Question

Given below are two statements:
Statement (I): A solution of \([Ni(H_2O)_6]^{2+}\) is green in color.
Statement (II): A solution of \([Ni(CN)_4]^{2-}\) is colorless.  
In the light of the above statements, choose the most appropriate answer from the options given below.

• A. Both Statement I and Statement II are incorrect
• B. Both Statement I and Statement II are correct
• C. Statement I is incorrect but Statement II is correct
• D. Statement I is correct but Statement II is incorrect

Answer 1

The Correct Option is B

This question requires an analysis of the color of two nickel coordination complexes, \([Ni(H_2O)_6]^{2+}\) and \([Ni(CN)_4]^{2-}\), based on the principles of coordination chemistry and crystal field theory.

Concept Used:

The color of transition metal complexes is attributed to d-d electronic transitions. When light passes through a solution of the complex, it absorbs photons of a specific energy (and color) from the visible spectrum to promote an electron from a lower-energy d-orbital to a higher-energy d-orbital. The color we perceive is the complementary color of the light absorbed.

The possibility and energy of these d-d transitions depend on:

1. The electronic configuration of the central metal ion (presence of partially filled d-orbitals).
2. The nature of the ligand (strong-field or weak-field), which determines the magnitude of the crystal field splitting energy (\( \Delta \)).
3. The geometry of the complex (e.g., octahedral, tetrahedral, square planar), which determines the pattern of d-orbital splitting.

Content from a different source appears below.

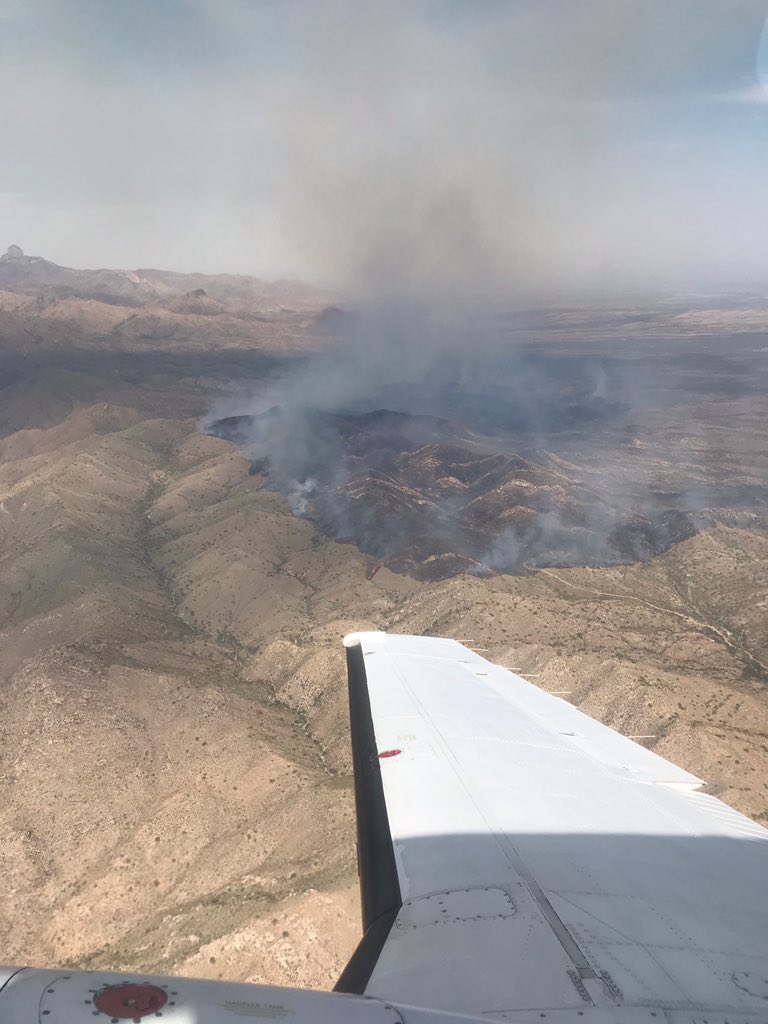azstateforestry's tweet photo. #EncinosFire mapped this morning at 5,500 acres. Fire continues to burn actively thru dry grass &amp; brush to the N/NE w/ expected growth due to winds today &amp; tomorrow. Firefighters working to protect structures along w/grazing allotments &amp; cultural &amp; arch sites. #AZFire #AZForestry https://t.co/DI4xuerYaZ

If all d-orbitals are empty (\(d^0\)), completely filled (\(d^{10}\)), or if the energy gap (\(\Delta\)) is too large (requiring UV light), no d-d transition occurs in the visible range, and the complex appears colorless.

Step-by-Step Solution:

Step 1: Analysis of Statement (I) - A solution of \([Ni(H_2O)_6]^{2+}\) is green in color.

First, we determine the properties of the complex \([Ni(H_2O)_6]^{2+}\).

• Central Metal Ion: Nickel (Ni).
• Oxidation State: Let the oxidation state of Ni be \(x\). Water (\(H_2O\)) is a neutral ligand (charge 0). The overall charge is +2. So, \( x + 6(0) = +2 \Rightarrow x = +2 \). The ion is \(Ni^{2+}\).
• Electronic Configuration: The atomic number of Ni is 28 (\([Ar] 3d^8 4s^2\)). For \(Ni^{2+}\), the configuration is \([Ar] 3d^8\).
• Ligand and Geometry: The ligand is \(H_2O\), which is a weak-field ligand. With six ligands, the geometry is octahedral.
• Crystal Field Splitting: In an octahedral field, the five d-orbitals split into two sets: a lower energy \(t_{2g}\) set and a higher energy \(e_g\) set. Since \(H_2O\) is a weak-field ligand, the crystal field splitting energy (\(\Delta_o\)) is small, and electrons will fill the orbitals according to Hund's rule before pairing.
• Electron Filling: For a \(d^8\) configuration in a weak octahedral field, the electrons fill as \(t_{2g}^6 e_g^2\).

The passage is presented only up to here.